The journal entry he wrote describing the walk was made in Nice in January 1892. He wrote it twice, in slightly different versions, and the wording matters. He did not say that he screamed. He said the scream was in nature itself, passing through him. The figure on the bridge in the painting is not the source of the scream but its receiver. The mouth is open because the figure is hearing something nobody else can hear.

The Compositions

The four versions of The Scream are similar but not identical. All four show a single figure on a bridge or boardwalk, hands pressed to its head, mouth open in a circle.
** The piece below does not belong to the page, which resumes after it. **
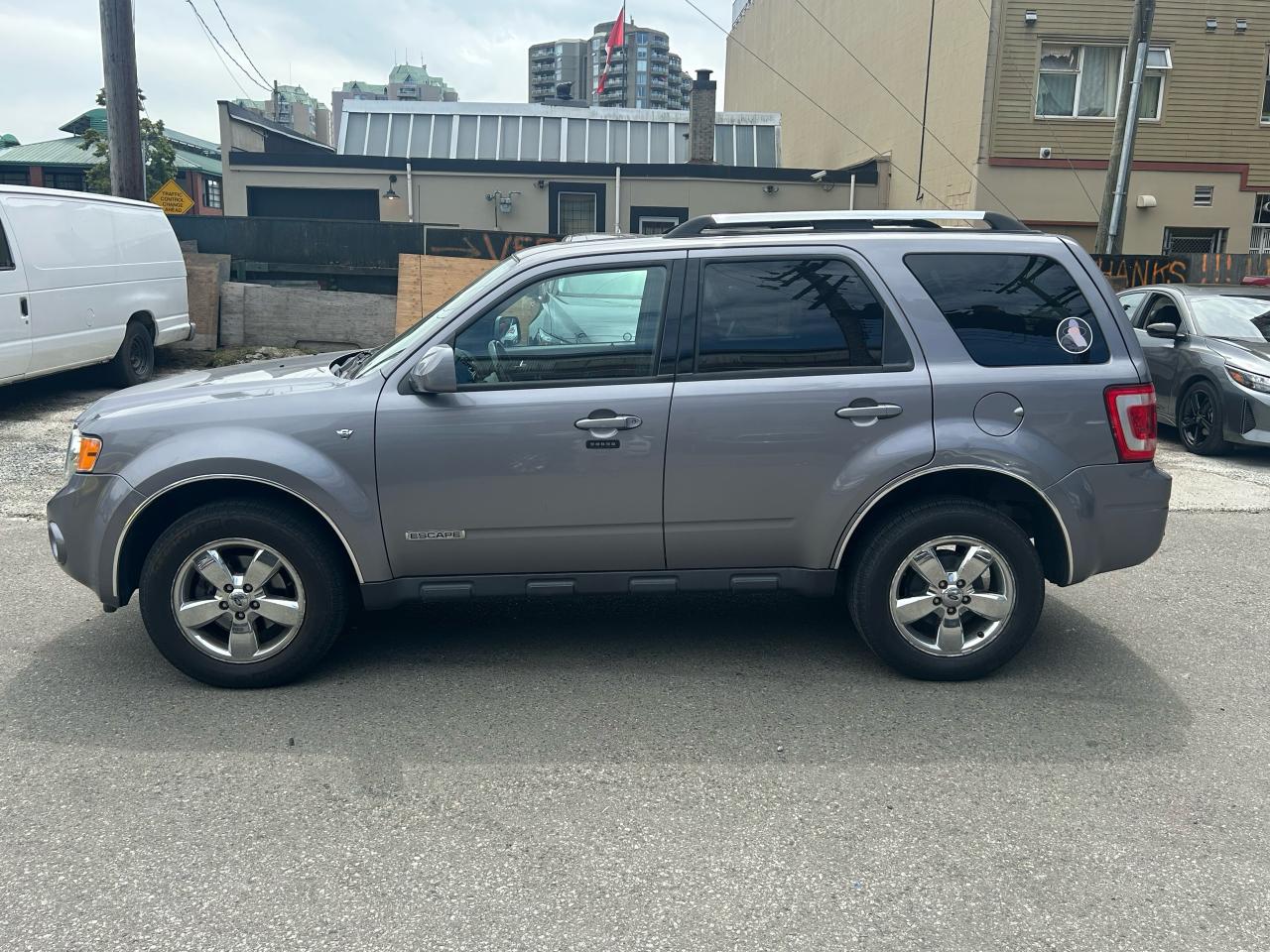 2008 Ford Escape Limited - Photo #2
Two other figures stand in the distance, walking away. A landscape of water and sky stretches behind. The sky is rendered in horizontal bands of red, orange, and yellow.

The first version (1893, tempera on cardboard, National Museum of Norway) is the most fully realised painterly version. The brushwork is loose; the colour is intense. The 1893 pastel is essentially a study; the colours are muted and the brushwork is less developed. The 1895 pastel is the most highly finished and was the version Munch chose to lithograph for prints. The 1910 version, in tempera and oil, is the work of an older artist returning to a subject he could not let go.

Edvard Munch, Madonna, 1894-95. Oil on canvas. National Museum of Norway, Oslo.
Edvard Munch, Madonna, 1894-95. Oil on canvas. National Museum of Norway, Oslo.

The Frieze of Life

The Scream was part of a larger project Munch called The Frieze of Life: a series of paintings on themes of love, anxiety, and death. The other works in the series included Madonna, Vampire, The Sick Child, Anxiety, Melancholy, and Jealousy. He exhibited the series together repeatedly, hanging the paintings in different orders and combinations.

Madonna shows a nude woman with her eyes closed and her arms raised behind her head. The painting was made in several versions between 1894 and 1895. The figure is sensual and disturbing in equal measure: a Madonna who is no longer the Virgin, presented for the viewer with the kind of frank physicality that Munch's contemporaries found shocking.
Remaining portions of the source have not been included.